(The data)
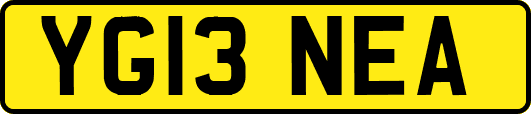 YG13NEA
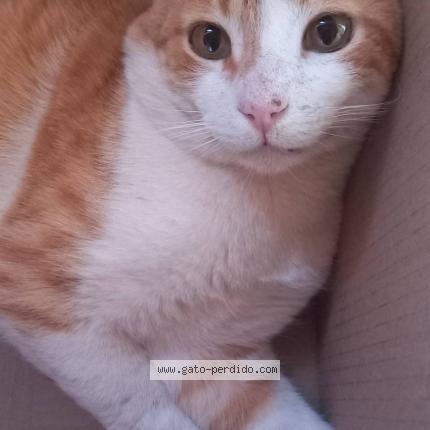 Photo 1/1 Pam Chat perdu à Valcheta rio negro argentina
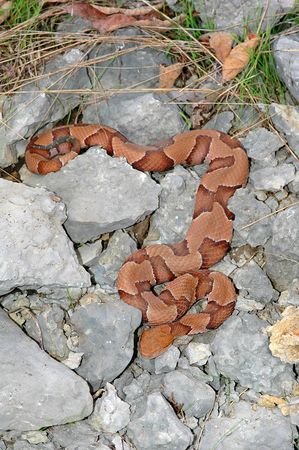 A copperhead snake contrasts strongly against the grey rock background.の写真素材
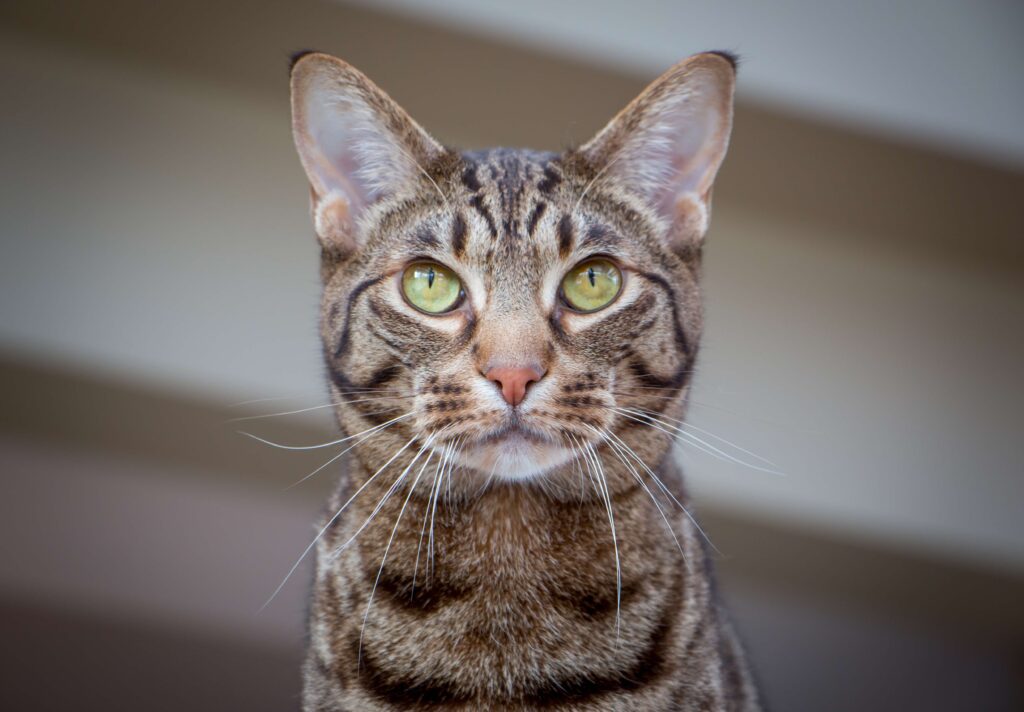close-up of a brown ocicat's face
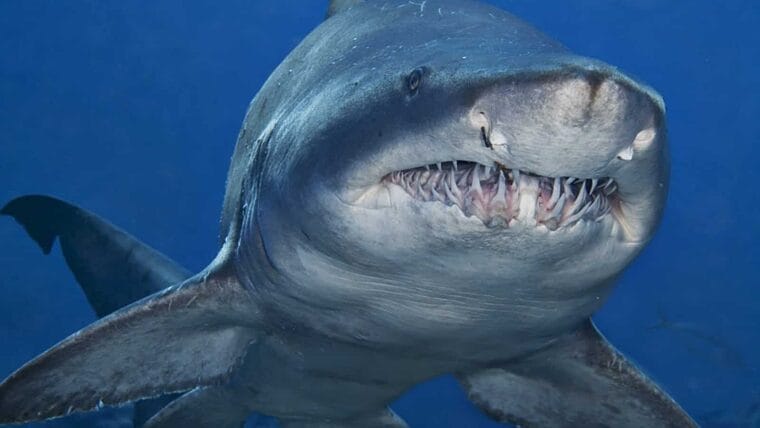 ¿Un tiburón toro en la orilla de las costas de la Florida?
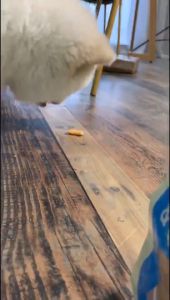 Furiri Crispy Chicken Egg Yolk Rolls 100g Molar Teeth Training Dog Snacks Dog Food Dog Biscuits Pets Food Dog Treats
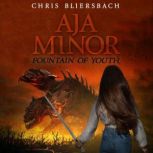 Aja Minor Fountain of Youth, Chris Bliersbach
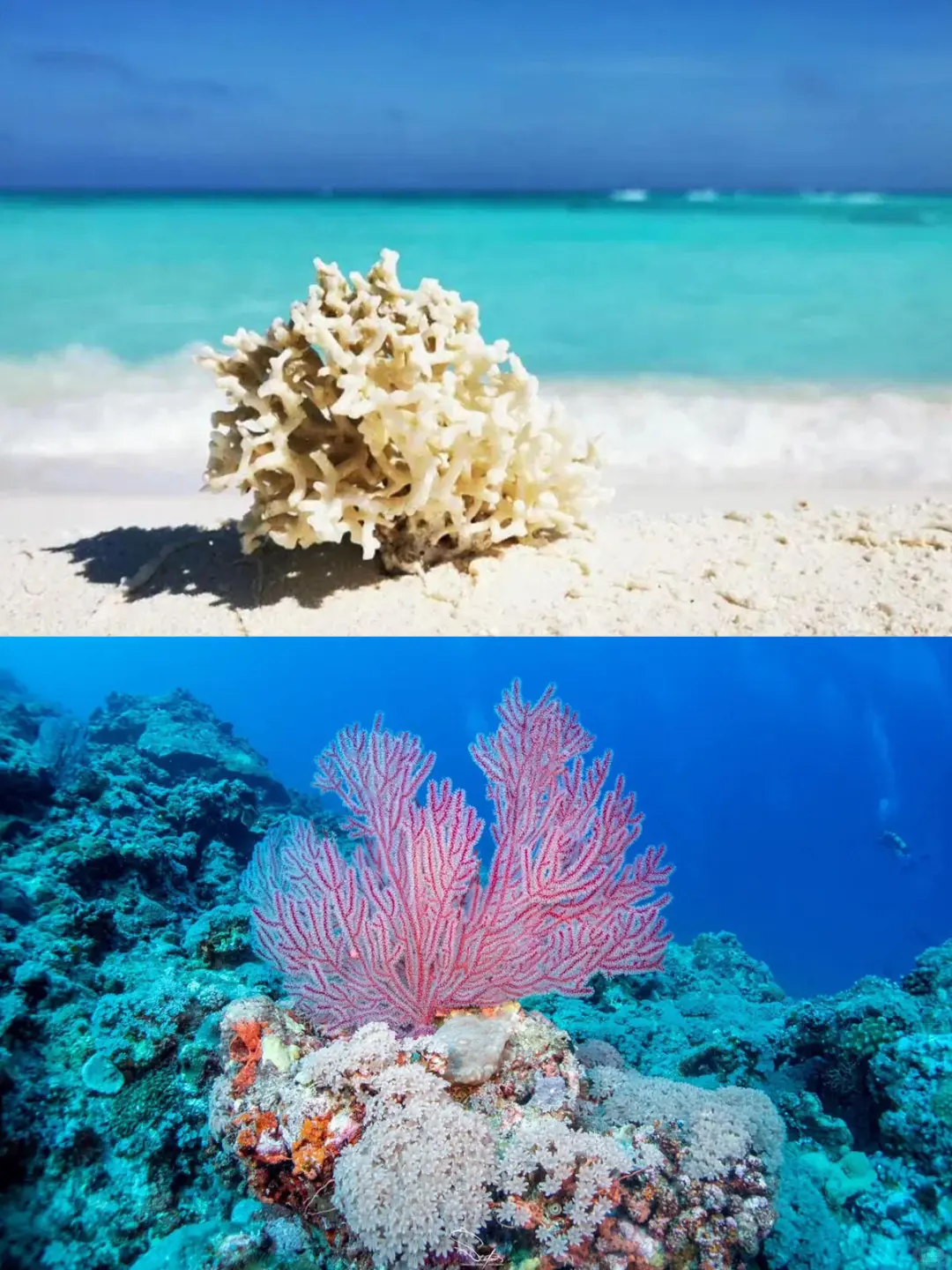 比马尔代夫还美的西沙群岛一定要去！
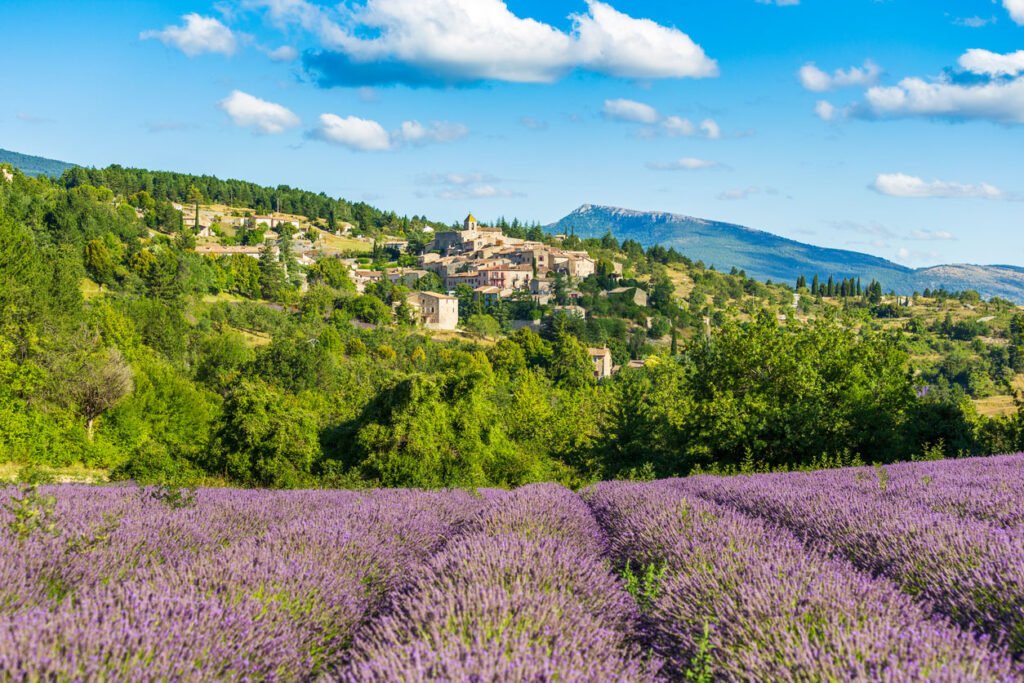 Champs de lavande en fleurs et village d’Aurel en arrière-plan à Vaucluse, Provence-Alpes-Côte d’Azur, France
(End The data)
(The data)
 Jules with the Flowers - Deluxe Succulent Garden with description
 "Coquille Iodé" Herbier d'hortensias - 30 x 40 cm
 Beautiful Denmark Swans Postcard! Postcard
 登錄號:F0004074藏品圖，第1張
(End The data)
_What to work on_: Nothing but the lines above from the one that has "A copperhead snake" down to the one that has "Champs de lavande" belongs in the answer, copied exactly, without pictures.

_Solution_:
 A copperhead snake contrasts strongly against the grey rock background.の写真素材
close-up of a brown ocicat's face
 ¿Un tiburón toro en la orilla de las costas de la Florida?
 Furiri Crispy Chicken Egg Yolk Rolls 100g Molar Teeth Training Dog Snacks Dog Food Dog Biscuits Pets Food Dog Treats
 Aja Minor Fountain of Youth, Chris Bliersbach
 比马尔代夫还美的西沙群岛一定要去！
 Champs de lavande en fleurs et village d’Aurel en arrière-plan à Vaucluse, Provence-Alpes-Côte d’Azur, France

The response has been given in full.